The proposed unmanned loyal wingman platform being developed for the UK’s Royal Air Force (RAF) could be similar in size to the future manned Tempest fighter, with the first UK demonstration flight of the drone intended to take place in 2023.
In January this year the UK Ministry of Defence (MOD) awarded a £30m (US$41.5m) contract to Spirit Aerosystems to lead the Mosquito project through the next phase, with the ambition to develop the RAF’s LANCA (Lightweight Affordable Novel Combat Aircraft) concept ahead of a full-scale vehicle flight-test programme expected by the end of 2023.
At the time the MOD said that the uncrewed combat aircraft would be designed to fly at high-speed alongside fighter jets, armed with missiles, surveillance, and electronic warfare systems.
The Mosquito programme, which also includes Northrop Grumman UK, will mature the design and manufacture a technology demonstrator to generate evidence for a follow-on LANCA programme.

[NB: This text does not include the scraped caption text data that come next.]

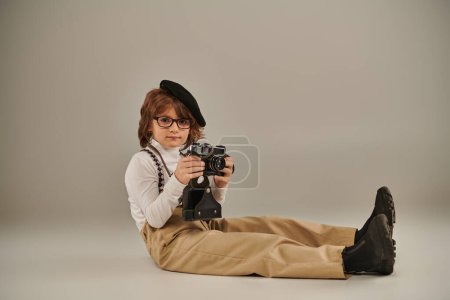 joven fotógrafo en boina y gafas sosteniendo la cámara y sentado en el suelo, lindo niño en tirantes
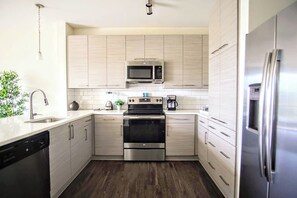 A modern kitchen with stainless steel appliances, light wood cabinetry, and a dark wood floor.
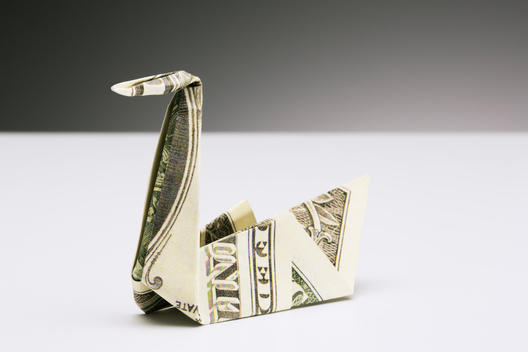 Origami swan made of dollar bill on counter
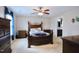 Spacious bedroom with neutral carpet, a ceiling fan, and an ensuite bathroom at 101 Claystone Dr, Gibsonville, NC 27249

If successful, this could lead to a capability being deployed alongside the Typhoon and F-35 Lightning jets by the end of the decade.
Detailing the status of a range of current and future aircraft, ACM Mike Wigston, Chief of the Air Staff, revealed the Tempest and Mosquito loyal wingman models displayed at the DSEI 2021 exhibition were “representative” and “in scale”, adding that the programme continued “at pace”.
The UK’s Future Combat Air Systems (FCAS), which will comprise of the Tempest fighter and loyal wingman systems, was given an additional £1.5bn research investment in November 2020. The LANCA programme itself originated in 2015 in Dstl to help develop understanding of new combat air technologies expected to influence the future battlespace, and currently run by the RAF’s Rapid Capabilities Office.
Elsewhere, Wigston said that the performance of a RAF C-130 Hercules in the recent Kabul airlift demonstrated “why the aircraft had been our workhorse for over 50 years”.
The fleet was one of the main casualties in the recent Integrated Review and Defence Command Paper, with all 14 UK C-130J/C-130J-30 tactical transport aircraft due to be removed from service by 2023.
Wigston added that the A400M aircraft, which also participated in the airlift, would be “ready to take the load” from 2023 and that its performance in Operating Tipping, the operational name of the UK’s airlift efforts in Afghanistan, had “reinforced my confidence” in the decision to axe the C-130 platform.
The 22-strong A400M fleet, also known as Atlas, will then be the UK’s only transport aircraft able to operate by unprepared runways, a key capability in enabling distributed operations and removing the risks associated with fixed military aviation hubs.
In other developments, it was revealed that the RAF No 13 Sqn will become the second squadron planned to operate the future MQ-9B Protector RG1 aircraft, which is derived from General Atomics Aeronautical Systems’ SkyGuardian platform, joining the already announced No 31 Sqn.
In July this year it was announced that the UK agreed a £195m deal for a further 13 Protector remotely piloted aircraft system (RPAS), with a total of 16 now on order. The Protector will replace the current MQ-9A Reaper UAVs in service from 2024.
Regarding the integration of the Protector into the fleet, Wigston said that “if we run [Protector] as (the MQ-9A Reaper], we would have failed to capitalise”, referring to the different capabilities and expected tactics, techniques and procedures between the Reaper and Protector platforms.